[英]Pass array to a function instead of variable
I have a pretty basic problem, but I really don't understand what's going on.我有一个非常基本的问题,但我真的不明白发生了什么。
I just want to create a function which takes an array as input instead of a double.我只想创建一个 function 它将数组作为输入而不是双精度。 Why are the following two code segments not the same, not even for j == 0?

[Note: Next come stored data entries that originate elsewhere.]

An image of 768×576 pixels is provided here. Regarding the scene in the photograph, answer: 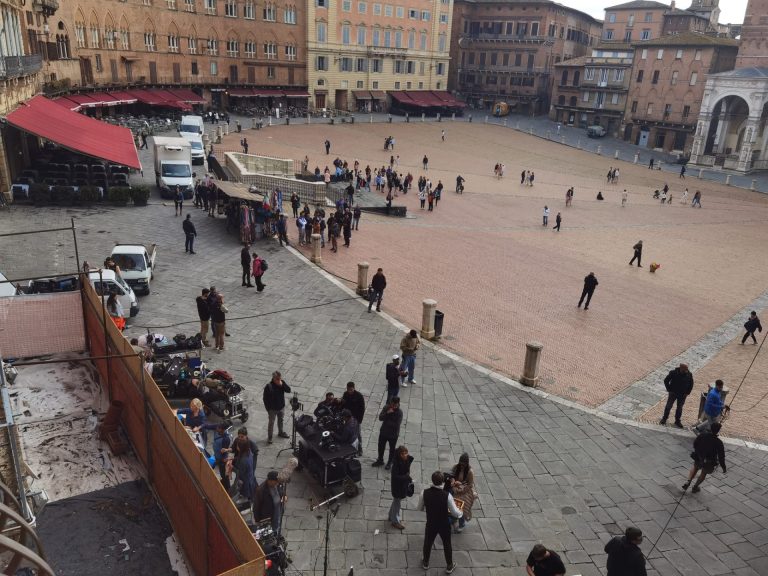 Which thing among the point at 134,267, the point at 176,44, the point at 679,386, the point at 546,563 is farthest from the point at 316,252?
the point at 176,44

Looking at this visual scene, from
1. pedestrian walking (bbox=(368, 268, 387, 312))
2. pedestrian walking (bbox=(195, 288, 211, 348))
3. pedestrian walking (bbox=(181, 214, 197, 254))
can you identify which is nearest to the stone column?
pedestrian walking (bbox=(181, 214, 197, 254))

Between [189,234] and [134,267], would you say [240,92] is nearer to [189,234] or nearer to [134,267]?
[189,234]

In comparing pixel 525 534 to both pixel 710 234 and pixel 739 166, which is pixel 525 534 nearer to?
pixel 710 234

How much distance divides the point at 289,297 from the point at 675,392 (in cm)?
996

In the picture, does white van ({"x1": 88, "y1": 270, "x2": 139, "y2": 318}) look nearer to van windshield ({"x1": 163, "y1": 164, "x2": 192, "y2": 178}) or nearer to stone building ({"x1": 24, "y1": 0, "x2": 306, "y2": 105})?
van windshield ({"x1": 163, "y1": 164, "x2": 192, "y2": 178})

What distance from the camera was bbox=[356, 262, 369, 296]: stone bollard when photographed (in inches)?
667

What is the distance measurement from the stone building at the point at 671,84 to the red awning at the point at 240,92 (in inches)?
1627

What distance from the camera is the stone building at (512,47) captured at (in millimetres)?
75562

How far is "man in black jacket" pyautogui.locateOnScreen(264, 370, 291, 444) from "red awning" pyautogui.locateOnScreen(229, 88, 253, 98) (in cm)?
5478

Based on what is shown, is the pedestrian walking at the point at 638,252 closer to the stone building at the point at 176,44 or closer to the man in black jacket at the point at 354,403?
the man in black jacket at the point at 354,403

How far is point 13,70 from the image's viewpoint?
77.4 feet

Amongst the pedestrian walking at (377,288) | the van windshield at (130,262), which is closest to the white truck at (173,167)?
the van windshield at (130,262)

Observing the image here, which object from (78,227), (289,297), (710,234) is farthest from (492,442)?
(710,234)

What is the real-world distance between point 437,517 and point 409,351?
512 cm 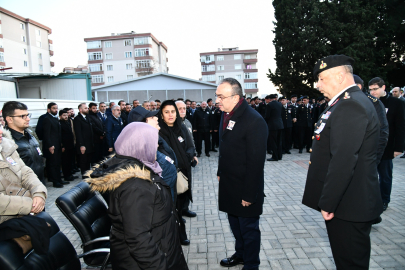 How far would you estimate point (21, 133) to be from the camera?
14.5 ft

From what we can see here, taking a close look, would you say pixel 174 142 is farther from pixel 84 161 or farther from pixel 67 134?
pixel 67 134

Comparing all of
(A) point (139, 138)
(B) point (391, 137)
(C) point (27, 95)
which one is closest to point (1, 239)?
(A) point (139, 138)

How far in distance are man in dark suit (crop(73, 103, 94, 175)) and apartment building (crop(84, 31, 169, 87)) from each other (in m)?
58.1

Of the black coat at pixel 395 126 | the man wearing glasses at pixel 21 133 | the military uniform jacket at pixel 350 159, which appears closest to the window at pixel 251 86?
the black coat at pixel 395 126

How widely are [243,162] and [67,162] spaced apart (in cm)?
662

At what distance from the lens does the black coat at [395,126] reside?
4285 millimetres

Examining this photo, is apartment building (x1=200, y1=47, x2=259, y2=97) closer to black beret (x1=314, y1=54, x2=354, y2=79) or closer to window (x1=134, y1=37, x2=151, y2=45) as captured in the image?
window (x1=134, y1=37, x2=151, y2=45)

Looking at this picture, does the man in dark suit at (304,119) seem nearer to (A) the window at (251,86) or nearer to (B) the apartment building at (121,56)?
(B) the apartment building at (121,56)

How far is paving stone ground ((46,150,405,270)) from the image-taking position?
122 inches

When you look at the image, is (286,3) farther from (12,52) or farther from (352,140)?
(12,52)

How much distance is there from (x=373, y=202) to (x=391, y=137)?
3.11 meters

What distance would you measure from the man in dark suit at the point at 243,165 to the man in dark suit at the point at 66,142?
622 cm

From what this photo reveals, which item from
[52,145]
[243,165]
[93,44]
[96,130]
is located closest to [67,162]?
[52,145]

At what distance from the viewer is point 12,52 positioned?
44938mm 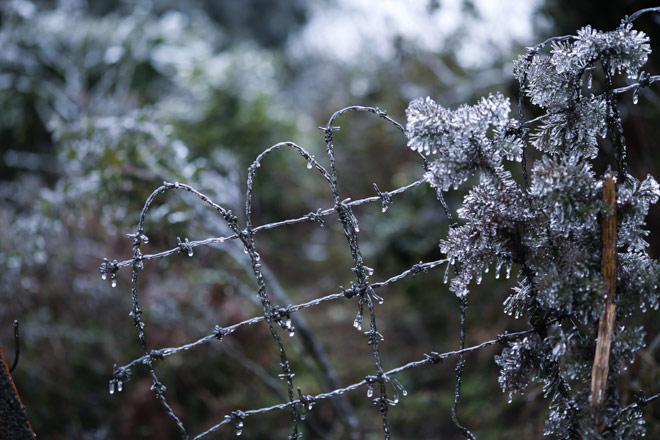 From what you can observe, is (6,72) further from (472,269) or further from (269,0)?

为什么以下两个代码段不一样,甚至对于 j == 0 也不一样? (I get different values when printing *buf )
(打印*buf时我得到不同的值)
1.) 1.)
void
SVPublisher_ASDU_setFLOAT64(SVPublisher_ASDU self, int index, double value)
{
uint8_t* buf = (uint8_t*) &value;
print:打印:
valueArray value: 1.145000
2.) 2.)
void
SVPublisher_ASDU_setFLOAT64Array(SVPublisher_ASDU self, int index, const double* valueArray, int length)
{
for (int j = 0; j < length; ++j) {
uint8_t* buf = (uint8_t*) (valueArray + 8 * j);
print:打印:
valueArray value: 3070733822295138354700875252470016317131267959765042782153548795915832793917922493698408448.000000
uint8_t is unsigned char uint8_t 是无符号字符
uint8_t* buf = (uint8_t*) &value;
sets buf
to the address of value
, which is a parameter, meaning it is a copy of the argument that was passed.将
buf
设置为value
的地址,这是一个参数,这意味着它是传递的参数的副本。 The compiler has put that copy somewhere, so buf
gets the address of that location.编译器已将该副本放在某处,因此
buf
获取该位置的地址。 uint8_t* buf = (uint8_t*) (valueArray + 8 * j);
sets buf
to an address calculated from valueArray
, which is an address passed to it, and that address is the start of some array (or single object) of the caller.将
buf
设置为从valueArray
计算的地址,该地址是传递给它的地址,并且该地址是调用者的某个数组(或单个对象)的开始。 There is no reason to expect these to be the same;没有理由期望这些是相同的。 the address of a parameter in one set of source code is largely unrelated to the address of some array in another set of source code.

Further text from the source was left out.